__Assignment__.
Without the pictures, retype exactly the lines from the top of the entries below through the line that contains "There are a".

─── Provided entries

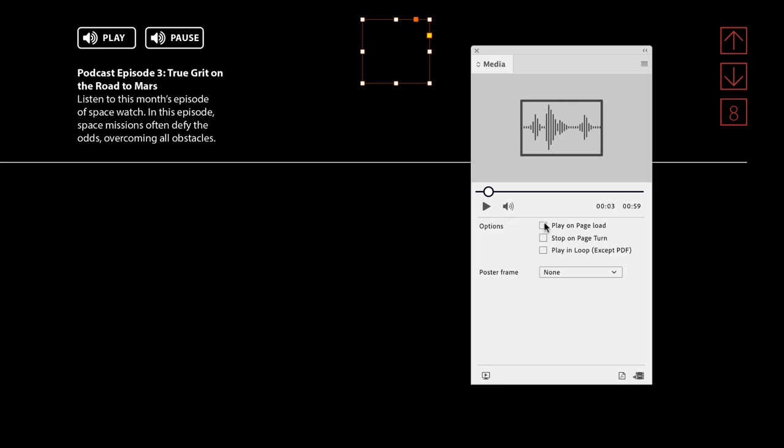Under options, play on page load - I would say that's never a good thing. You want to give your audience the opportunity to play it if they wish to, or to stop it. Stop on page turn - yep, I'll always turn that one on because that audio might not have any relevance if you go to another page, and that other page might also have audio of its own. We definitely don't want to loop it.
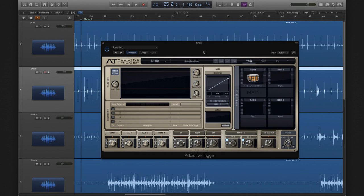Each instance of Addictive Trigger lets you load up to four sounds that you can mix and blend to your heart's content.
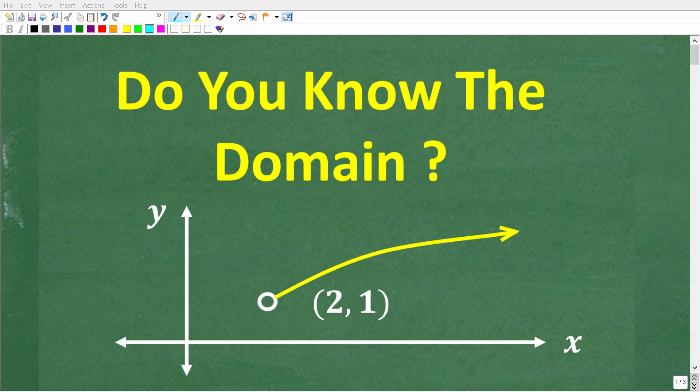In algebra, functions is one of the most important topics that you study. And when you study functions, you need to understand this word right here, and that is domain.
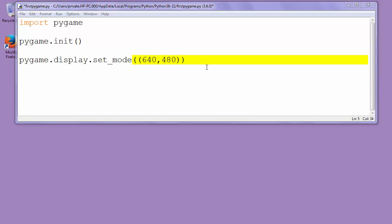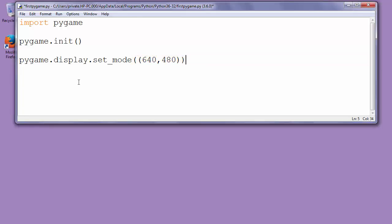We'll type while True. So our while loop is going to loop until this True value becomes False.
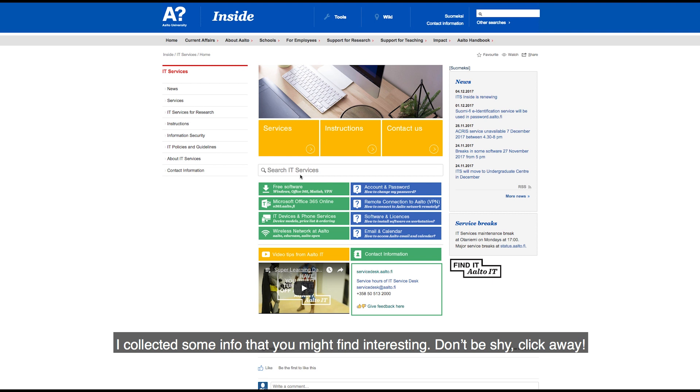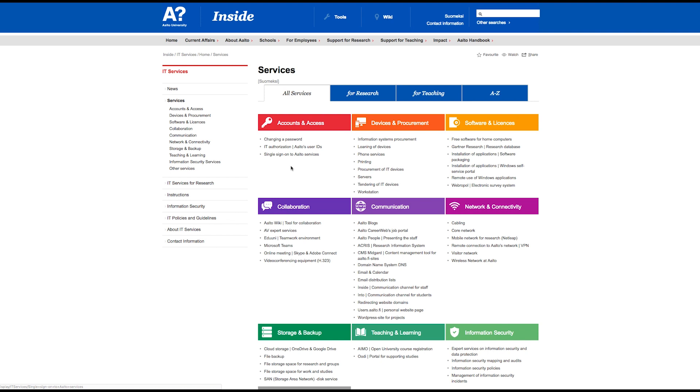There are a few things you should know about me. I collected some info that you might find interesting. Don't be shy, click away.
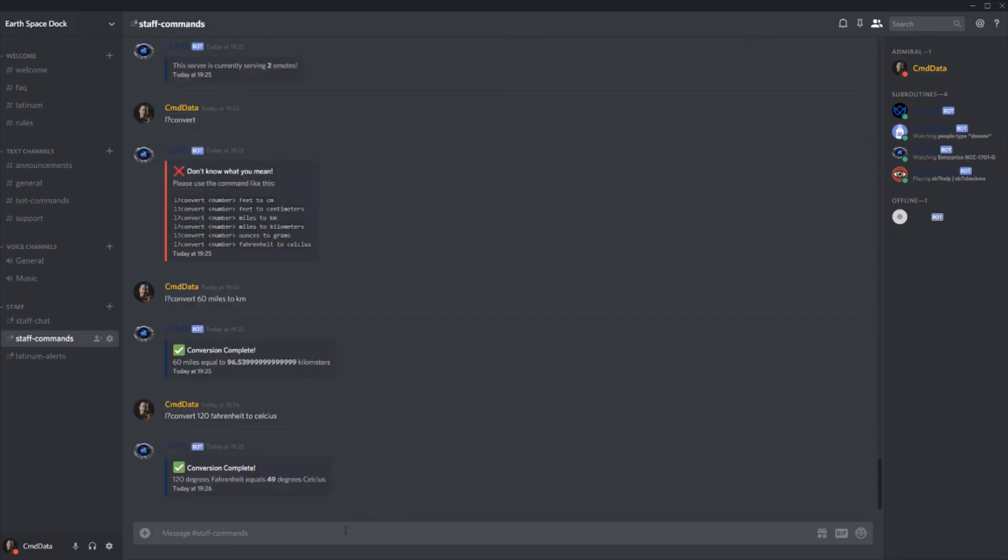So thank you guys so much for watching. Obviously invite the bot using the link down below, and join the support server if you need any more help and you're lost on something, or you want to help make this better. Our current timeline is that we want to finish the missions. We want to finish the universal translator, and we also want to make a website. Thank you guys so much for watching and we'll see us hopefully in the support server.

──────

__Reply to the exercise__.
Under options, play on page load - I would say that's never a good thing. You want to give your audience the opportunity to play it if they wish to, or to stop it. Stop on page turn - yep, I'll always turn that one on because that audio might not have any relevance if you go to another page, and that other page might also have audio of its own. We definitely don't want to loop it.
Each instance of Addictive Trigger lets you load up to four sounds that you can mix and blend to your heart's content.
In algebra, functions is one of the most important topics that you study. And when you study functions, you need to understand this word right here, and that is domain.
We'll type while True. So our while loop is going to loop until this True value becomes False.
There are a few things you should know about me. I collected some info that you might find interesting. Don't be shy, click away.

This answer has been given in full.